507 F2d 959 Carlson Companies Inc v. Sperry and Hutchinson Co
507 F.2d 959
1974-2 Trade Cases 75,428
CARLSON COMPANIES, INC., et al., Appellants,
The SPERRY AND HUTCHINSON CO., Appellee.
United States Court of Appeals, Eighth Circuit.
Submitted Oct. 18, 1974.
Decided Dec. 19, 1974.
John Bodner, Jr., Washington, D.C., for appellants.
William E. Kelly, New York City, for appellee.
Before GIBSON, Chief Judge, and LAY, and STEPHENSON, Circuit Judges.
GIBSON, Chief Judge.
Plaintiff, Carlson Companies, Inc., appeals a grant of summary judgment in favor of defendant, The Sperry and Hutchinson Co., on Count IV of plaintiff's complaint seeking damages and equitable relief for alleged violations of 7 of the Clayton Act.1 The District Court determined as a matter of law that no private action for damages was available under 7 in reliance upon a footnote contained in Highland Supply Co. v. Reynolds Metal Co., 327 F.2d 725, 728 n. 3 (8th Cir. 1964).2 Other claims remained in the case after summary judgment on Count IV. However, the District Court determined there was no just reason for delay and pursuant to Rule 54(b), Fed.R.Civ.P., directed entry of final judgment on Count IV. Carlson brings this timely appeal.
We are concerned on this appeal only with the legal question as to the availability of a private right of action under 4 and 16 of the Clayton Act, 15 U.S.C. 15 and 26, for alleged Clayton Act 7 violations. Defendant in its brief has avoided a discussion of this precise issue and has attempted to justify the grant of summary judgment for defendant upon factual grounds not relied upon by the District Court. Obviously the factual grounds are in dispute between the parties, and we decline the invitation to address the factual issues on this record.
We hold that a private cause of action under 4 and 16 is available for violations of 7 of the Clayton Act. This conclusion is necessitated by the clear wording of 4 which reads:
Any person who shall be injured in his business or property by reason of anything forbidden in the antitrust laws may sue therefor in any district court of the United States in the district in which the defendant resides or is found or has an agent, without respect to the amount in controversy, and shall recover threefold the damages by him sustained, and the cost of suit, including a reasonable attorney's fee.

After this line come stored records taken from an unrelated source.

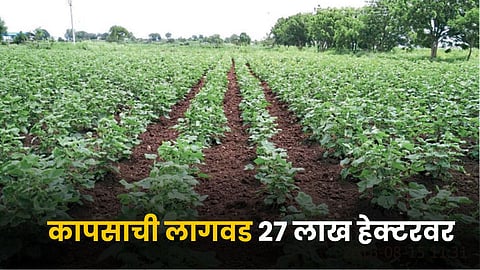 Cotton Farming
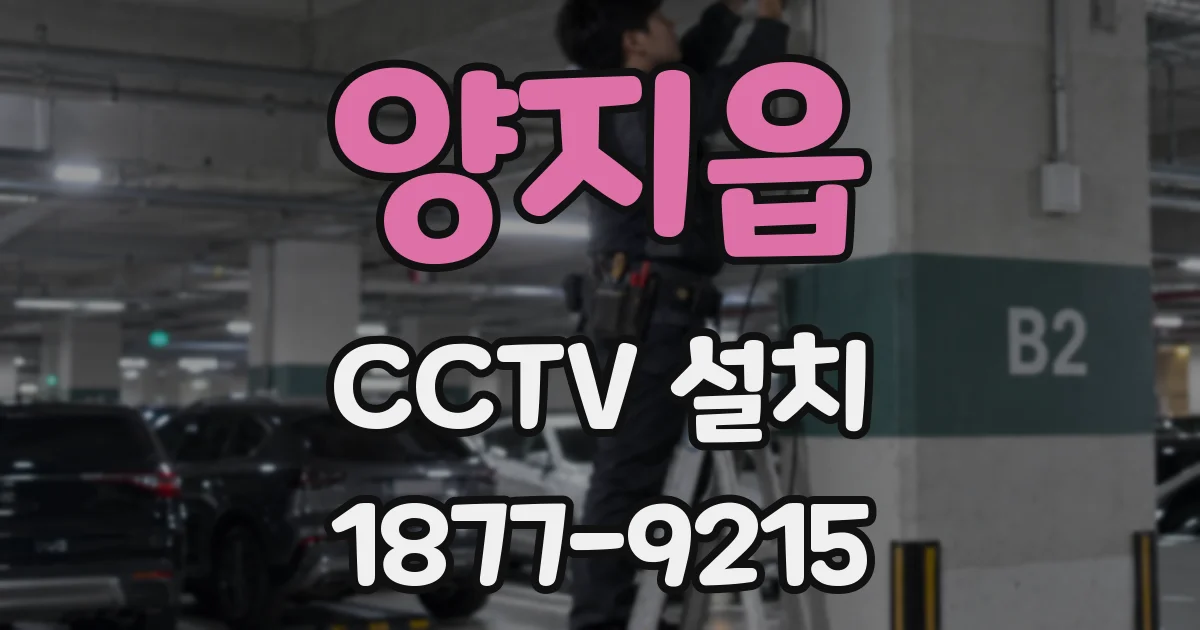양지읍 CCTV 설치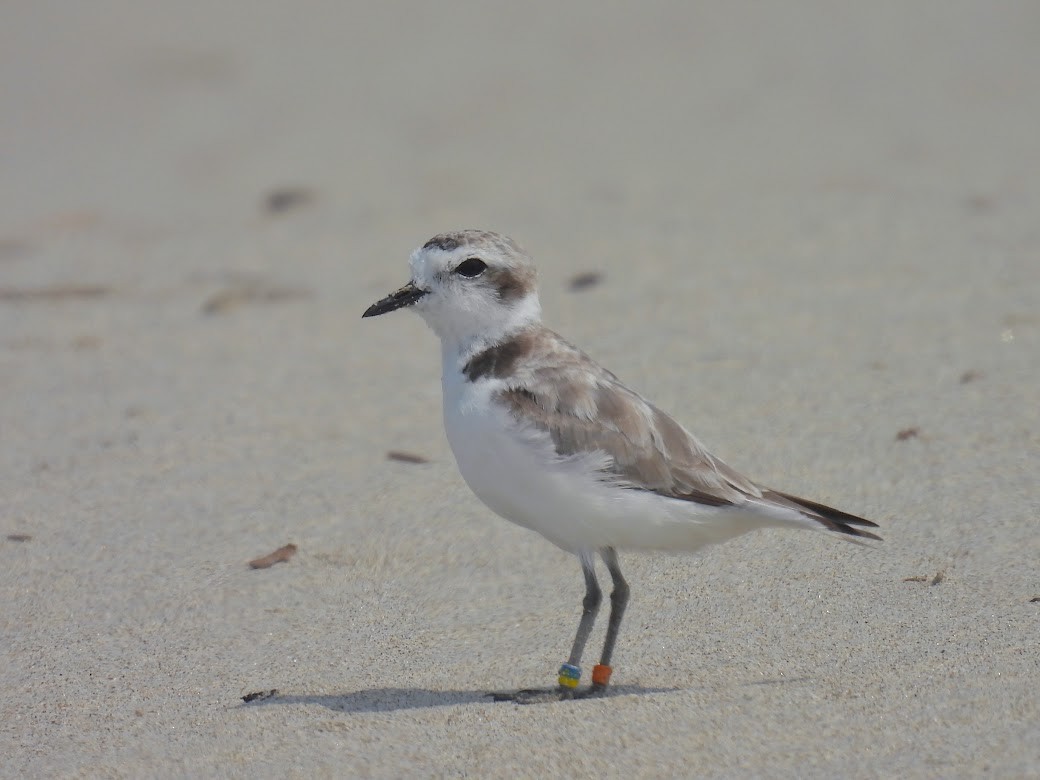 Snowy Plover - ML616033921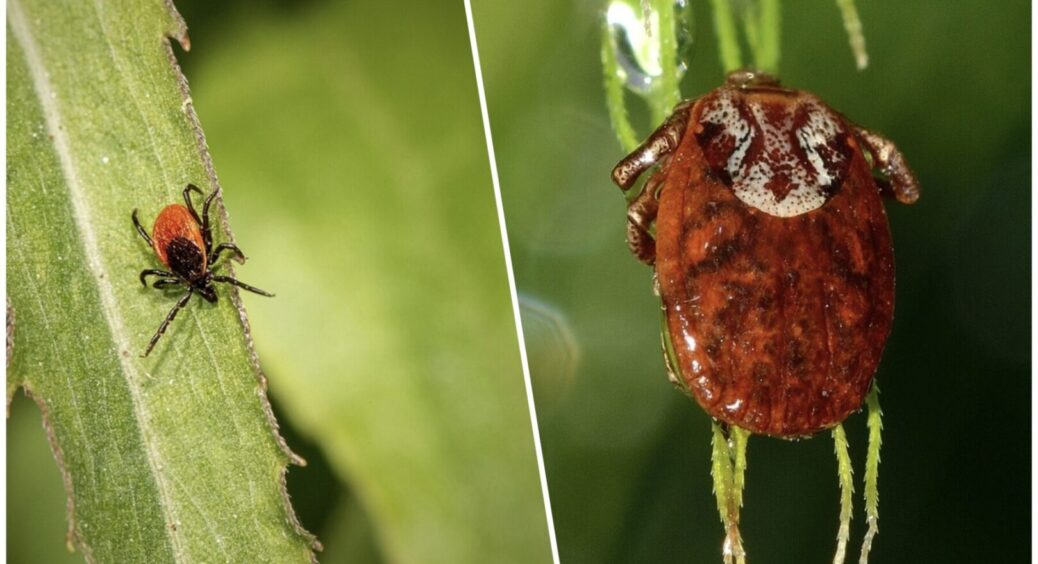Новини здоров’я: вчені провели лабораторне дослідження – у кліщів є “улюблена” група крові 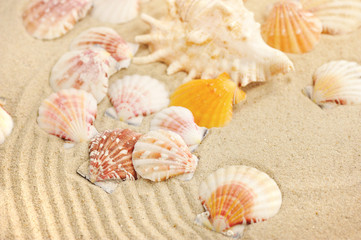 Sea shells on sandy beach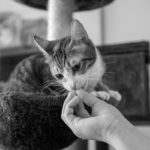20210701-kedi-covid-19-sb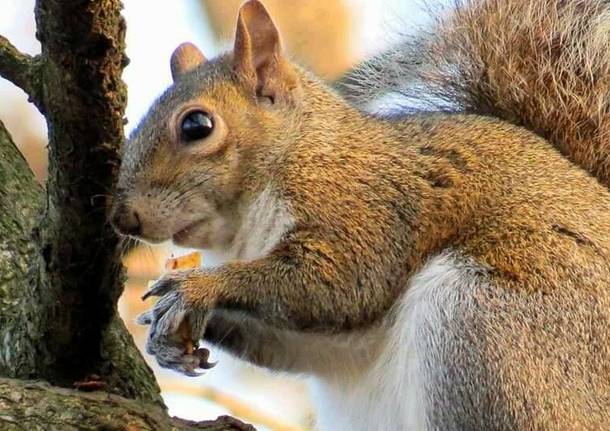 Scoiattoli al parco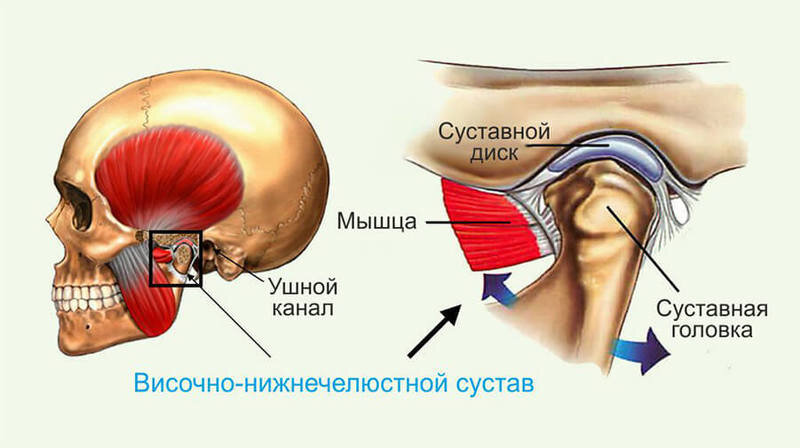 Почему щелкает челюсть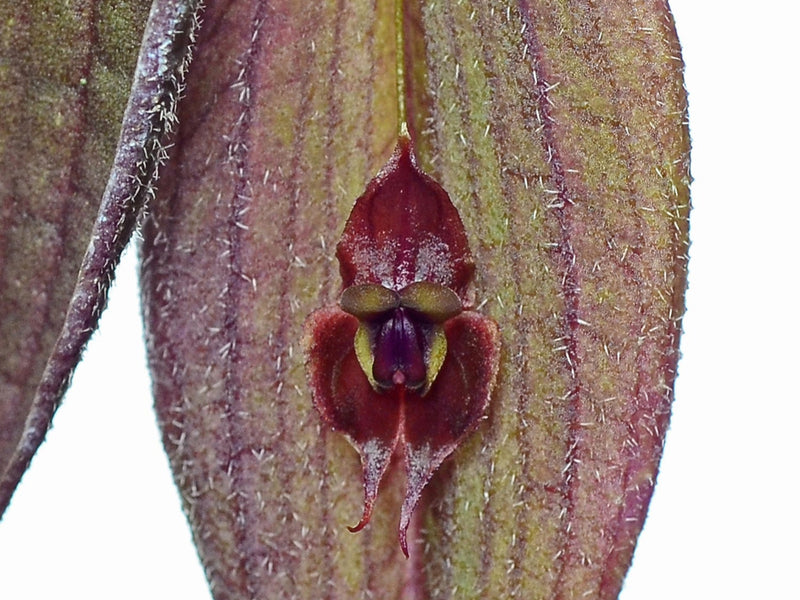 Lepanthes gargoyla x Lepanthes horrida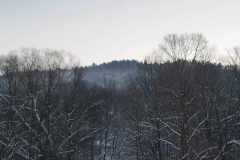 371521036_1594509444687589_6126109393195974632_n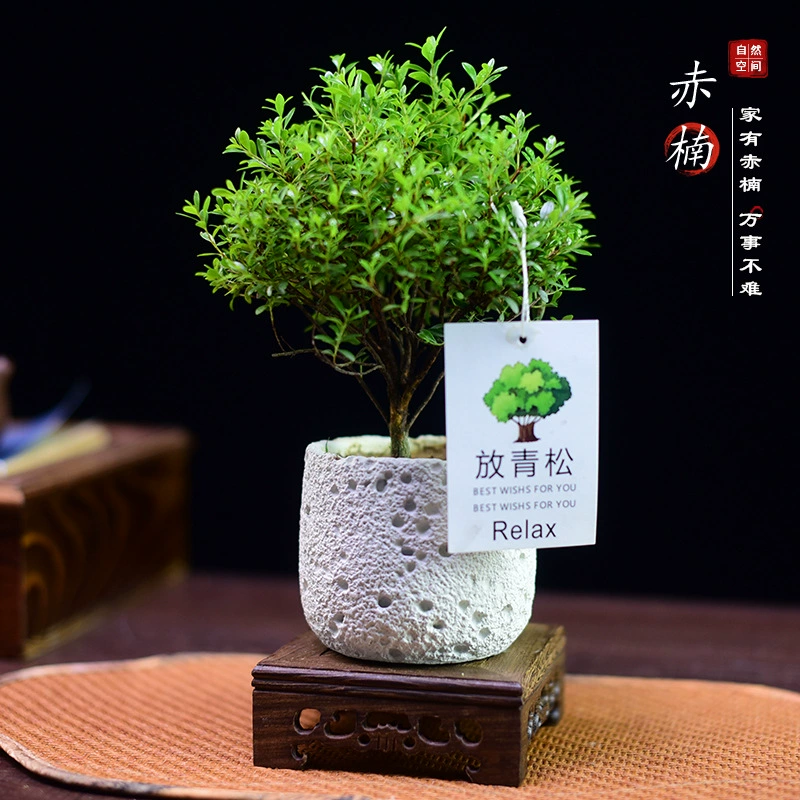 Малолистное красное nan старое растение бонсай с корягой, микроландшафт, офис, гостиная, комнатный рабочий стол, легко обслуживать круглый год, вечнозеленое растение в горшке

Furthermore, it must be noted that Count IV of plaintiff's complaint seeks injunctive relief as well as damages. Section 16 of the Clayton Act3 explicitly authorizes suits for injunctive relief at the instance of private parties. Zenith Corp. v. Hazeltine, 395 U.S. 100, 130-131, 89 s.Ct. 1562, 23 L.Ed.2d 129 (1969).
There can be little doubt but that 7 is an 'antitrust law' as that term is used in 4 and 16. 15 U.S.C. 15 and 26; Gottesman v. General Motors Corp., 414 F.2d 956 (2d Cir. 1969); Dailey v. quality School Plan, Inc., 380 F.2d 484 (5th Cir. 1967); New Jersey Wood Finishing Co. v. Minnesota Mining & Manufacturing Co., 332 F.2d 346 (3d Cir.), aff'd 381 U.S. 311, 85 S.Ct. 1473, 14 L.Ed.2d 405 (1964).
The great weight of authority supports allowance of a private action for a 7 violation. Gottesman v. General Motors Corp., supra; Dailey v. Quality School Plan, Inc., supra; New Jersey Wood Finishing Co. v. Minnesota Mining & Manufacturing Co., supra; Beegle v. Thomson, 138 F.2d 875, 880-881 (7th Cir. 1943).4
It is important to note just what this court said in Highland Supply. In note three the court said that 7 of the Clayton Act could not be considered a per se violation of the antitrust laws so as to give rise to a private cause of action. Thus the mere possibility of harmful effects would not support a damage action under 4. The court stated that 'no private right of action accrues from such a violation,' Highland Supply, supra 327 F.2d at 728 n. 3, i.e., from the potential anti-competitive effects of an acquisition. The court's statement, read in the limited context of the facts in Highland Supply, is not a holding that no violation of 7 will support a private cause of action. The primary issue in Highland Supply was the applicability of the statute of limitations to a vertical integration, and this court's remarks in note three were dicta at best and not controlling in the factual context of the instant case. Whether such an action is supportable is a problem of proof of a specific injury suffered by the plaintiff. See Blaski v. Inland Steel Co., 271 F.2d 853, 855 (7th Cir. 1959), wherein the court stated, quoting Beegle v. Thomson, supra 138 F.2d at 881:
The mere existence of a violation is not sufficient ipso facto to support the action, for no party may properly seek to secure something from another without allegation and proof of facts demonstrating pecuniary loss springing from or consequent upon the unlawful act.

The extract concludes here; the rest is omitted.